Without a question, law and order, state security and sovereignty, and citizen safety are critical. However, the state must also find methods to protect fundamental rights such as the right to privacy and equality of its citizens while attaining these goals.

This article has been contributed by Tirtha Ajith and Akarsh Sachan, students at the Army Institute of Law, Mohali.

End notes

[1] The Identification of Prisoners Act, 1920 (act 33 of 1920).

[2] The Code of Criminal Procedure, 1973 (Act 2 of 1972), s.53

[3] State Of U.P vs Ram Babu Misra, AIR 1980 SCR 1067.

[4] Law Commission of India, 87th Report on Identification of Prisoner Act,1920 (August, 1980).

[5] Section 6(2) of The Criminal Procedure (Identification) Act, 2022 (Act 11 of 2022).

[6] Section 3 of The Criminal Procedure (Identification) Act, 2022 (Act 11 of 2022).

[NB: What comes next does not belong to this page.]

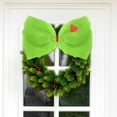 thumbnail image 4 of Guvpev Christmas Tree Topper Bow - 14 x 8'' Large Green Furry Gr-inch Bow Tree Toppe with Glitter Heart for Indoor Outdoor Christmas Decorations Holiday Party Supplies Gr-inch Tree Topper Decorations, 4 of 6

[7] Section 4(2) of The Criminal Procedure (Identification) Act, 2022 (Act 11 of 2022).

[8] Supra note 7

[9] Section 4(1) of The Criminal Procedure (Identification) Act, 2022 (Act 11 of 2022).

[10] The Constitution of India, arts. 14, 20(3), 21.

[11] Section 3(c) of The Criminal Procedure (Identification) Act, 2022 (Act 11 of 2022).

[12] The Constitution of India, art. 20(3).

[13] Section 2(1)(b) of The Criminal Procedure (Identification) Act, 2022 (Act 11 of 2022).

[14] The Constitution of India, art. 21.

[15]K.S. Puttaswamy and Anr. vs. Union of India AIR 2017 SC 4161.

[16]Section 6(2) of The Criminal Procedure (Identification) Act, 2022 (Act 11 of 2022).

[17] Section 3(c) of The Criminal Procedure (Identification) Act, 2022 (Act 11 of 2022).

[18] Supra note 15 at 3.

[19] Ibid.

[20] Software Freedom Law Centre available at : https://sflc.in/ (last visited on May 19, 2022).

[21] Indian Evidence Act, 1872 (Act 1 of 1872), s.45.

[22] Daubert v. Merrell Dow Pharmaceuticals, Inc.(1993) 509 U.S. 579.

[23] EU General Data Privacy Regulation, 2016.